━━━━━ AVAILABLE DATA
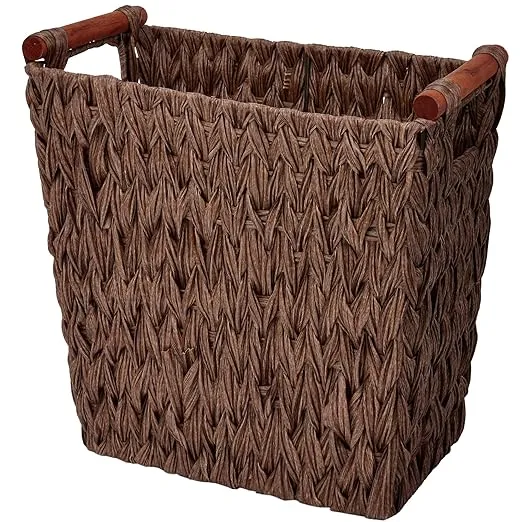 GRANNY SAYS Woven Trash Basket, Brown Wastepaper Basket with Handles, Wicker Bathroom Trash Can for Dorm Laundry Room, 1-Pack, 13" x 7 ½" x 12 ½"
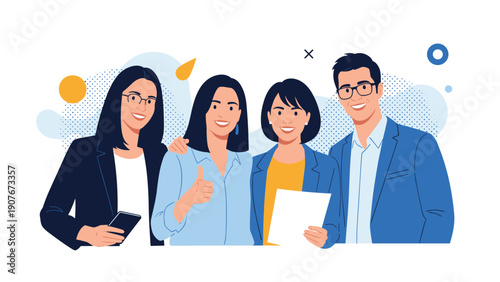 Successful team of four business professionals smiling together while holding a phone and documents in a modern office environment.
━━━━━━━━━━
━━━━━ AVAILABLE DATA
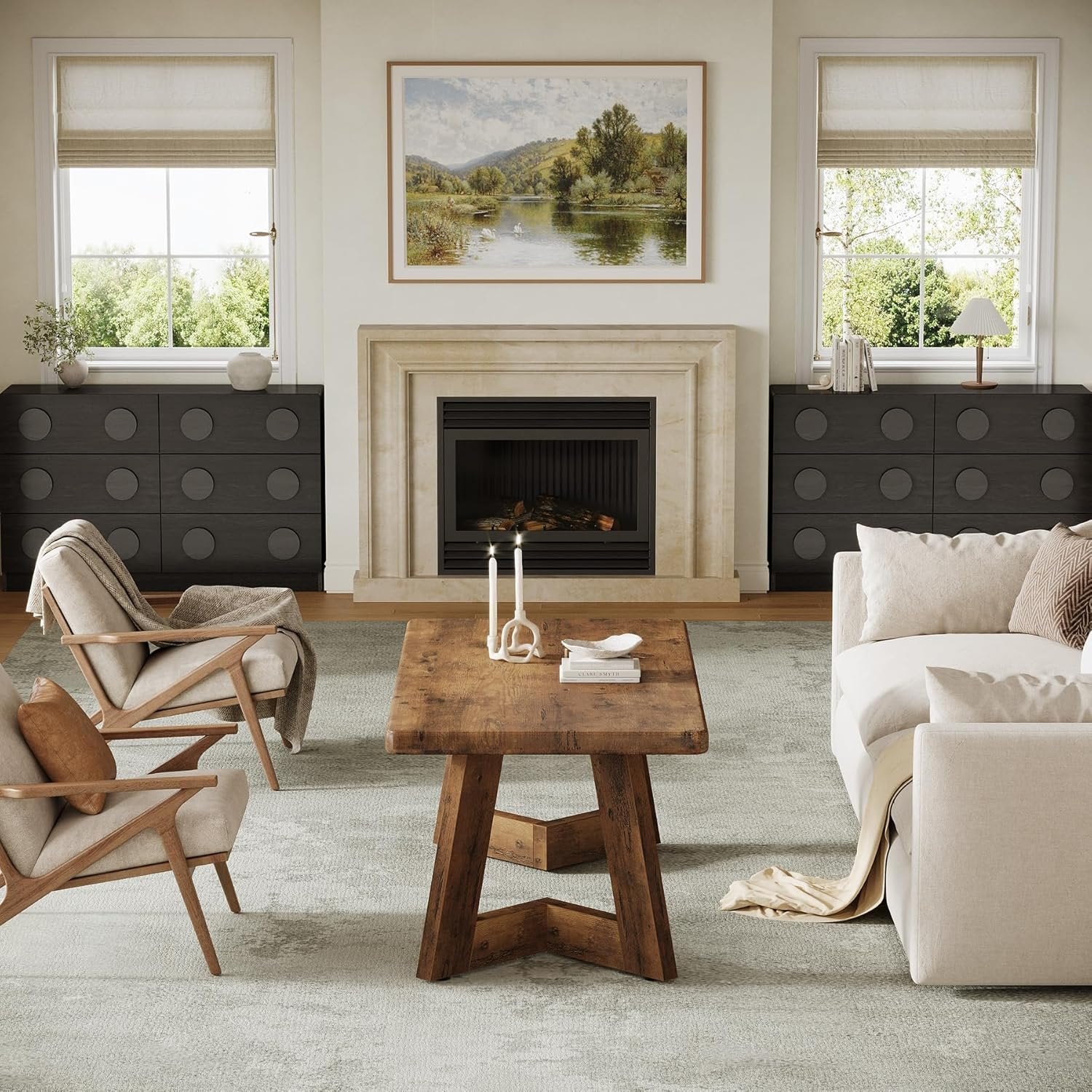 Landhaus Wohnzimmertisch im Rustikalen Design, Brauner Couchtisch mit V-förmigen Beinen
━━━━━━━━━━
### [EXERCISE DETAILS]
Your output should be the lines above from the one that contains "GRANNY SAYS Woven" through the one that contains "Successful team of", word for word, with pictures left out.

### [RESULT FOR THIS TASK]
 GRANNY SAYS Woven Trash Basket, Brown Wastepaper Basket with Handles, Wicker Bathroom Trash Can for Dorm Laundry Room, 1-Pack, 13" x 7 ½" x 12 ½"
 Successful team of four business professionals smiling together while holding a phone and documents in a modern office environment.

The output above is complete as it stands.